**What this task involves**
Copy each line of the entries that contains the word "Eksteriør".

######

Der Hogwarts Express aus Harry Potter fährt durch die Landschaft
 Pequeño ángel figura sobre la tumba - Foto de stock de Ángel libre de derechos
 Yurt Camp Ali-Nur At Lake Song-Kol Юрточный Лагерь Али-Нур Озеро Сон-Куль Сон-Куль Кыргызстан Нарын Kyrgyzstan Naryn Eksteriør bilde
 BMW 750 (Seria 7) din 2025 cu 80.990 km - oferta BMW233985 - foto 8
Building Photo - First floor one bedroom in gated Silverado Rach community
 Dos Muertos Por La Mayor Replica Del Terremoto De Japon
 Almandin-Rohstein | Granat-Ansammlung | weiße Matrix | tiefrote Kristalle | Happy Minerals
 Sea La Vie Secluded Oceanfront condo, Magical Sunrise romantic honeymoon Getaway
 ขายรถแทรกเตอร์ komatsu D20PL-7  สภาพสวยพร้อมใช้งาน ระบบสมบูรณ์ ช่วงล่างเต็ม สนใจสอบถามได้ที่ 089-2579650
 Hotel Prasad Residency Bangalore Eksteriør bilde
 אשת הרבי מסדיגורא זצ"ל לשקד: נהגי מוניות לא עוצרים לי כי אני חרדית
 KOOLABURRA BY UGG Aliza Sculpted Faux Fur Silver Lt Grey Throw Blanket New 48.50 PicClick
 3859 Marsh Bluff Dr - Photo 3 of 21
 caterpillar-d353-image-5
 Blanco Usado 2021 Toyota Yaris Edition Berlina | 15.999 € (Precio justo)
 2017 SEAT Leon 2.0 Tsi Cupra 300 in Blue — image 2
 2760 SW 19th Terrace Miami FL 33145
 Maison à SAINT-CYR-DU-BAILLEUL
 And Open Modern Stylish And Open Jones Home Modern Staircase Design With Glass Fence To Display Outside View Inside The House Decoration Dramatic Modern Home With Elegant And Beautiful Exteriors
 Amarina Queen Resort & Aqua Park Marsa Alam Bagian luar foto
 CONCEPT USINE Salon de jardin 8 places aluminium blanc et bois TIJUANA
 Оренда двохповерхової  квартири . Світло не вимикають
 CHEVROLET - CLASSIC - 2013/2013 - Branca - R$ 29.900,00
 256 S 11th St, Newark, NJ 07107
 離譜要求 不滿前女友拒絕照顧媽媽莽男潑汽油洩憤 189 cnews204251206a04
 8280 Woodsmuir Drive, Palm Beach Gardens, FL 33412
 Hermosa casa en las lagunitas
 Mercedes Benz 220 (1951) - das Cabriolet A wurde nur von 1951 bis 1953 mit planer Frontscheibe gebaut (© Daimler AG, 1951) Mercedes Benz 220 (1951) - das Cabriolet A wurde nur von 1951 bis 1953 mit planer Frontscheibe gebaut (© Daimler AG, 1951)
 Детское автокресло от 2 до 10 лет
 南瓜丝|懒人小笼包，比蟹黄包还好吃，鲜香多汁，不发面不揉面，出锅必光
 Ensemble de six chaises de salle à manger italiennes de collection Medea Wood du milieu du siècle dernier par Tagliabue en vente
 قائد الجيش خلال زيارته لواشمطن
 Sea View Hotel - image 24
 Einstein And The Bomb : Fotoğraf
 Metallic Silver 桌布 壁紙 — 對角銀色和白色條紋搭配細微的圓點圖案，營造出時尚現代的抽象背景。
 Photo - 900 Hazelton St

######

**Solution for this task**
 Yurt Camp Ali-Nur At Lake Song-Kol Юрточный Лагерь Али-Нур Озеро Сон-Куль Сон-Куль Кыргызстан Нарын Kyrgyzstan Naryn Eksteriør bilde
 Hotel Prasad Residency Bangalore Eksteriør bilde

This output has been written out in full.